God’s Word is an indispensable weapon. In the same way, prayer is essential in this ongoing warfare Pray hard and long. Ephesians 6:17-18 (The Message)
We had an exciting evening at church tonight. This semester, I am teaching early childhood. I miss my older 1st – 5th grade kids but I know the importance of them learning from other teachers then just me. Despite missing them, I love the little ones and sure do have fun with them.
One of the things I’ve always done with little ones, even back when I taught preschool, is I want to teach them to pray. It’s very easy and fun. Right before snack, when they are all sitting down, we pray for our food. I like to get on my knees, I think it’s important to be on their level and for them to see this prayer posture in an adult. I go around to each child and ask them if they’d like to pray.

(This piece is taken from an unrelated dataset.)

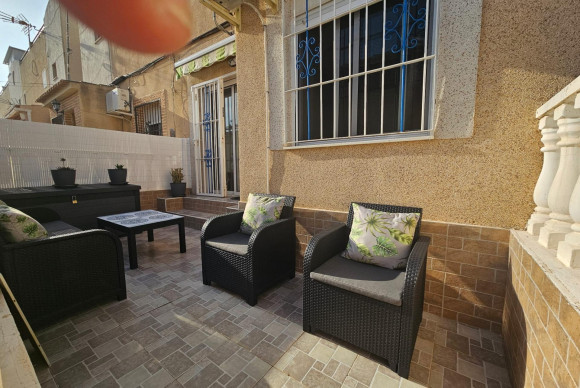 Resale - Apartment  - Torrevieja - Lago jardin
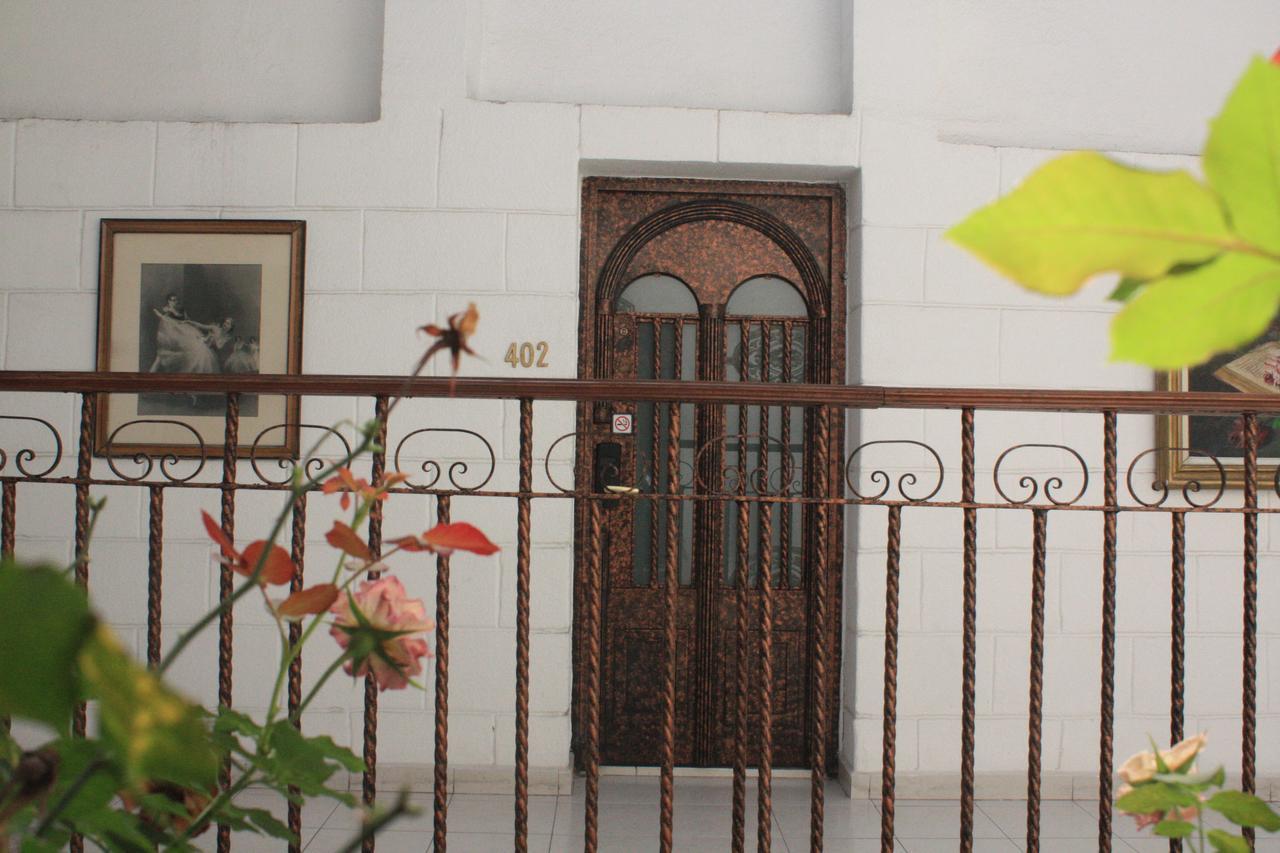 Casa De La Luna 3*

There is nothing more precious then their prayers. Some pray serious prayers for their parents and their pets, some tell family secrets, and some just make you want to laugh.
One boy likes to pray in his head so we get to him he says, “I want to pray in my head.” I remind him to say amen when he’s done. We all bow our heads and sit quietly, well, as quiet as fourteen preschoolers can and then he shouts, “Amen.”
I had two new kids at the start of January. When it came to their turn to pray the first night, they said they didn’t want to pray. I assured them that it was okay, not every wants to.
I was talking to their mother after church and I was telling her how we pray in class and how much I love to hear the kids pray.
She said, “My kids didn’t they?”
I said, “No, but that’s okay, not all kids want to.”
She said, “We come from a church background where that’s just not normally done.”
Again, I told her it was okay, I just like to give them the chance if they want. We chatted some more then went on our way.
Tonight, three weeks and three classes later, I asked the two if they wanted to pray. Brother said he would if sister did first. I looked at the sister and she nodded and started praying. I grinned deeply as she prayed then he prayed, thanking God for the little things like hearing a preschooler’s precious prayers.